PICICA: "Enquanto
alguns correm para abraçar o valor de troca, a forma fetichizada e
desumana, prefiro beijar a face do valor de uso que renasce. É a
rebelião do valor de uso… preparem-se, pode não ser só no futebol."
A Copa como metáfora e a metáfora da Copa: pela rebelião do valor de uso
[Manifestantes organizam uma partida de futebol de rua em ato pela Tarifa Zero convocado pelo MPL em São Paulo no dia 19 de junho de 2014]
Por Mauro Iasi.
O capital se
apropria de tudo, não seria diferente no caso do futebol. O destino
daquilo que é mercantilizado é ver seu ser transformado em veículo de
valor de troca, forma de expressão do valor, que passa a ser primordial,
relativizando seu valor de uso original.
Como coisa
de valor, sua vida passa a fluir no sentido da realização do valor e no
caso da produção capitalista de mercadorias, de mais valor. Quando era
um valor de uso, a realização se dava na fruição, no consumo daquilo que
se buscava para realizar o desejo do corpo ou do espírito. No ato de se
apropriar das propriedades da coisa para saciar nossa fome ou sede, ao
ouvir a melodia que nos acalma a alma ou desperta o corpo.

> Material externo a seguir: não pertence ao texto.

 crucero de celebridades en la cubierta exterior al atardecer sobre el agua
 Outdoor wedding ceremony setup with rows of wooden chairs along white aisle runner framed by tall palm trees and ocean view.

Como
mercadoria, a realização se dá no ato da troca, na transformação da
coisa em equivalente geral monetário, enquanto o valor de uso subsumido
fica ali, relativizado, quando não esquecido.
É por isso
que a propaganda seduz para o ato da compra, sem que necessariamente o
consumo corresponda ao desejo ou a necessidade. Um comercial de
refrigerante transpira gotinhas de coisas geladas, paisagens
refrescantes, gente feliz em dias quentes, mas a coisa em si, pode ser
um xarope adocicado que vai de dar mais sede e te levar a consumir outra
vez o produto… que vai te dar mais sede ainda.
No caso
particular do futebol, a mercantilização ocorre não apenas pela venda do
espetáculo esportivo em si mesmo, mas em várias dimensões: no “mercado
de jogadores”, na venda dos direitos de imagem, como veículo de
propaganda, como empreendimento milionário de empreiteiras, bancos e
tantos outros. A velha arte de esfolar várias vezes o mesmo boi.
O valor de
uso originário fica soterrado sob montanhas de formas mercantis que
sobre ele buscam seu quinhão da valorização, muitas vezes fictícia e
parasitária. É por isso que muitas vezes depois de realizada a farra do
valor de troca, nossos estômagos e espíritos futebolísticos permanecem
famintos e sedentos.
No entanto,
age sobre a forma mercadoria a maldição do valor de uso. Isto é, mesmo
relativizado e subsumido, o valor de uso é incontornável. Não é possível
que haja uma mercadoria sem valor de uso – ainda que sob a luz de uma
certa racionalidade esquecida ele seja uma “utilidade inútil”. Ninguém
vai à padaria comprar cigarro almejando um câncer de traquéia. Mas, só
quem já fumou sabe o valor de uso de uma boa baforada.
O valor de
uso subsumido (mas incontornável) resiste ali onde não devia, mesmo que
na subversiva sensação de ausência: na sede e fome não saciadas, na
pobreza persistente no país que dizia tê-la abolida no marketing
político, na desigualdade da sociedade da igualdade, na falta do sinal
na sociedade do acesso total à comunicação 4G… em noventa minutos de…
nada.
O futebol
mercadoria e seu evento maior – a Copa – é montado para a realização do
lucro das grandes corporações. Esta Copa já aconteceu e a FIFA S/A, a
maior das corporações, já abocanhou seus lucros, assim como as
empreiteiras, os bancos, as empresas publicitárias, os empresários que
escalam jogadores no lugar de técnicos, já contabilizam seus lucros. Se
vai ter jogo ou não é um detalhe.
Mas esta
montanha de valor de troca tem que encontrar um valor de uso sob o qual
se agarrar. Assim como a abstração do espírito precisa do corpo, o exu
precisa do cavalo. Onze pessoas de cada lado e um apito do árbitro,
desperta o esporte e os garotos propaganda se esquecem, ou deveriam
esquecer, de seus contratos, das bugigangas que vendem, e a adrenalina
comanda os corpos no busca da bola, evitar o adversários, encontrar o
caminho da meta.
Cérebro,
nervos, músculos… uma coisa chamada ser humano, que já foi um sonho, que
já foi sacrifício, que foi entrega e dor, que quer ser conquista,
emerge dali de onde foi soterrado pela mercadoria. Um ser composto, uma
equipe, um time, se funde com milhares de pessoas que se desviam da
bola, tencionam seu músculo antes do chute no exato instante que o
jogador vai chutar a bola e em uníssono gritam, abraçam estranhos,
choram…
Marx em sua
monumental obra se refere a uma ciência que se chamaria “merceologia”,
que teria a tarefa de listar todas as formas possíveis de mercadoria.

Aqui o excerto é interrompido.